■ REQUIRED ACTION
When you reproduce the listing, keep every word as it is and drop the pictures.

■ DATA SEGMENT

------------

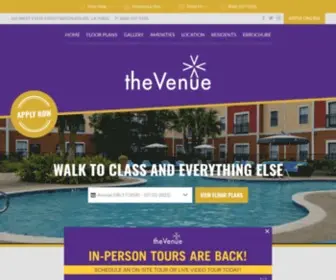 Venueatnorthgate.com(The Venue) Screenshot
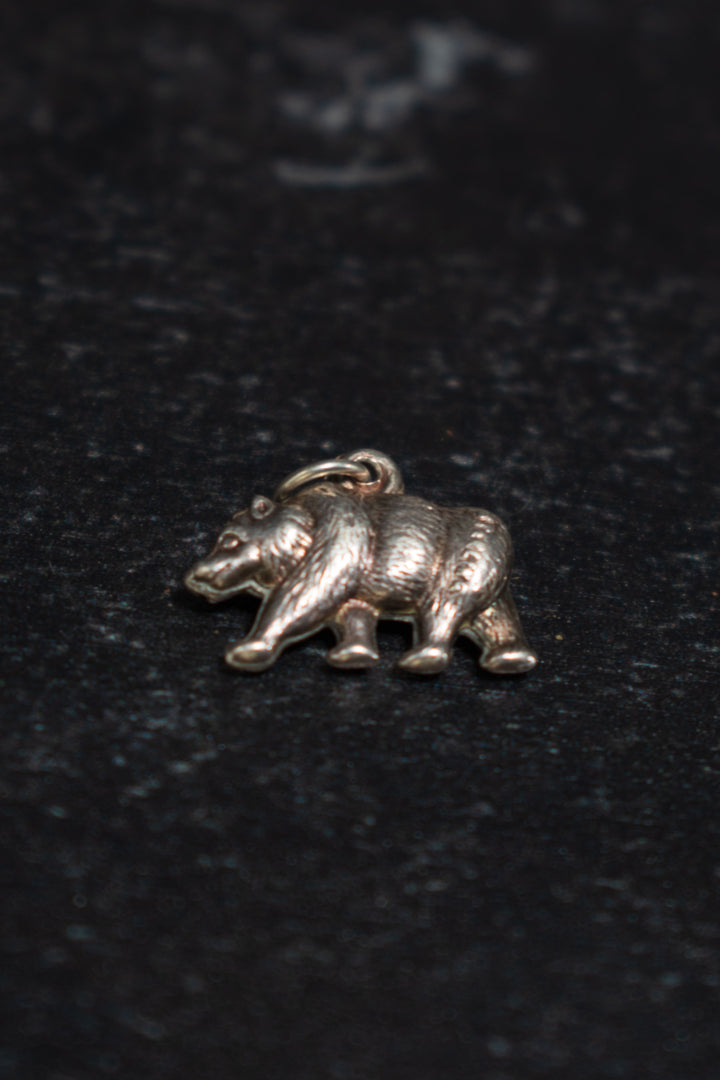 Charm - Sterling Silver Bear
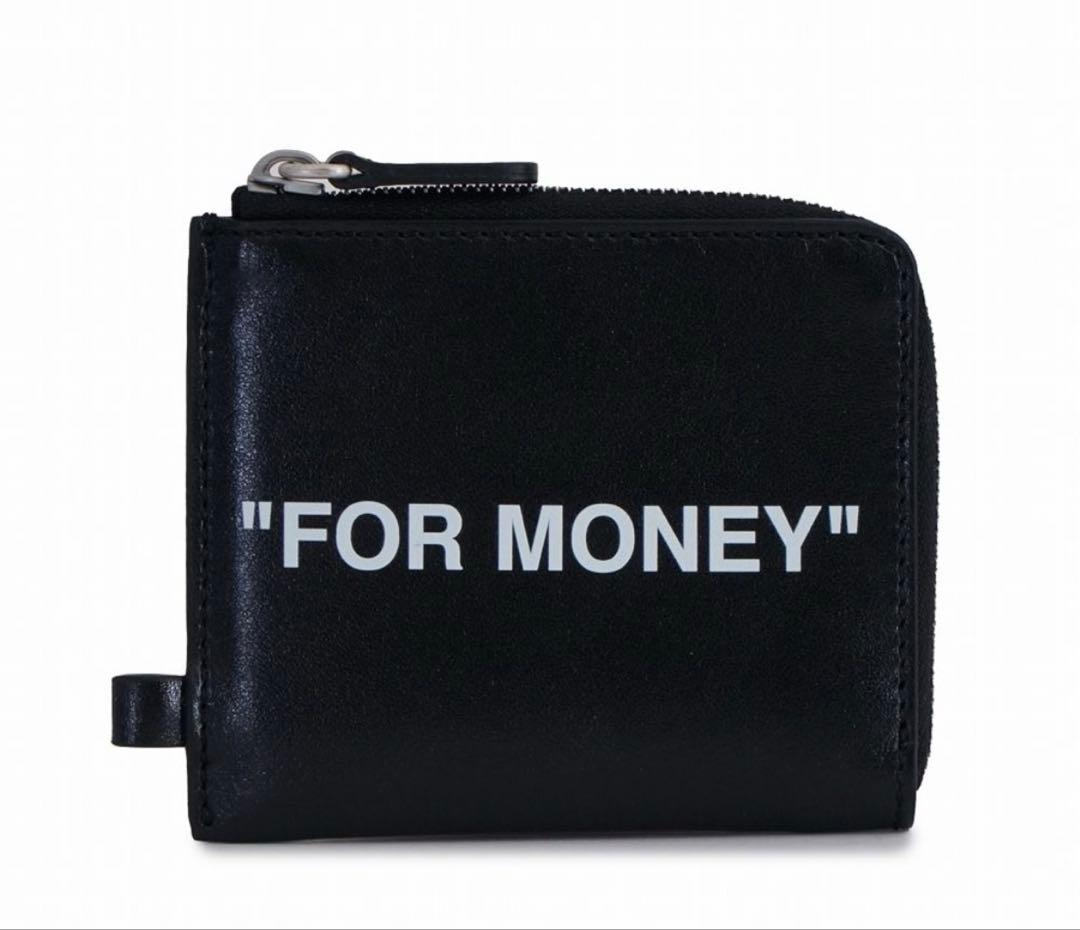 オフホワイトOffwhiteケースformoney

------------

■ RESPONSE TO THE TASK
 Venueatnorthgate.com(The Venue) Screenshot
 Charm - Sterling Silver Bear
 オフホワイトOffwhiteケースformoney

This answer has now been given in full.